この事例の依頼主
40代 女性
相談前の状況
相談者は、夫と子育てに関する考えを含めて合わない部分が多く、また自身や子どもに対する暴力もあるなど、これ以上婚姻関係を続けるのは困難と考え、別居をしていました。別居開始後も、夫の考えがよく分からず、このまま当事者間で話し合いを続けることは難しいと考え、離婚と婚姻費用の交渉を弁護士に依頼した事案です。
解決への流れ
夫は弁護士に委任しなかったため、直接本人との交渉になりましたが、婚姻費用、子の親権、養育費のほか、夫婦共有名義の不動産が複数あるなど、協議すべき事柄が多い事案でした。半年以上協議を続けましたが結果的にまとまらず、調停を申し立てることになりました。上記争点のうち、婚姻費用については、調停申立て後早々に、別居日以降の未払婚姻費用(約1年分)をまとめて支払ってもらうことで調停が成立しました。

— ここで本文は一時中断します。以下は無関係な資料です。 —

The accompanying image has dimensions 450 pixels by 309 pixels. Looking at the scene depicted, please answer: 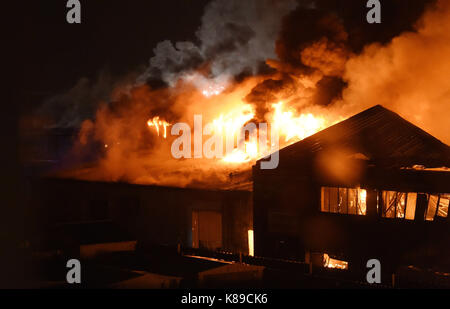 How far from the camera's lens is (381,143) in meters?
14.5

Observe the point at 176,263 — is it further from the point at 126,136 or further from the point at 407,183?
the point at 126,136

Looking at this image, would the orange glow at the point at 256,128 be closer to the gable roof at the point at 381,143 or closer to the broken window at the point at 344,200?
the gable roof at the point at 381,143

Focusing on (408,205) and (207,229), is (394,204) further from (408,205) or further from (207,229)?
(207,229)

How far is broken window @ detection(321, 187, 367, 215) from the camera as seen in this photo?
1423 centimetres

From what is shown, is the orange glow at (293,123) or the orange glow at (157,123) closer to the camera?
the orange glow at (293,123)

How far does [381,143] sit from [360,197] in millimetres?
2003

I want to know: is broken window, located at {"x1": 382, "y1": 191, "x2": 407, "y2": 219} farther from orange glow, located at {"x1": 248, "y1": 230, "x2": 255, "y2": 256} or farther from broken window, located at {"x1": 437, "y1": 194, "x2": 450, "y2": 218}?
orange glow, located at {"x1": 248, "y1": 230, "x2": 255, "y2": 256}

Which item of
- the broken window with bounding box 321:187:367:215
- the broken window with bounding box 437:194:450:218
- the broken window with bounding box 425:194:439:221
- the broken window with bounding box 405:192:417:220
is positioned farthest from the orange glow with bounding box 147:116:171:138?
the broken window with bounding box 437:194:450:218

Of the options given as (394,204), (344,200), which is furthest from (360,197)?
(394,204)

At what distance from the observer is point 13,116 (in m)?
13.6

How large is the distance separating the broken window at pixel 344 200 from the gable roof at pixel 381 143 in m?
1.27

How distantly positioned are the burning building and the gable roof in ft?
0.10

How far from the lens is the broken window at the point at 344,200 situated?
1423 cm

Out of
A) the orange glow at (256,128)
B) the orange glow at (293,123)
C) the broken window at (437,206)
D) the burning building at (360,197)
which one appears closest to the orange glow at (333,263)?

実務上、婚姻費用を請求できるのは「請求時」以降とされています。「請求時」がいつになるかは「調停申立時」「内容証明郵便での請求時」などいくつか考え方があるのですが、少なくとも何もしないままでいると、別居期間中に義務者(収入の多い方)から生活費の支払いを受けていなかったとしても、遡っては請求できないことになってしまいます。本件は、交渉が結果的に長期化したものの、受任後すぐに内容証明郵便で婚姻費用の請求を行っていたため、未払分を回収できた事案です。婚姻費用は離婚に至るまでの生活の安定に直結する費用でもありますので、早期に弁護士に対応を依頼することをお勧めします。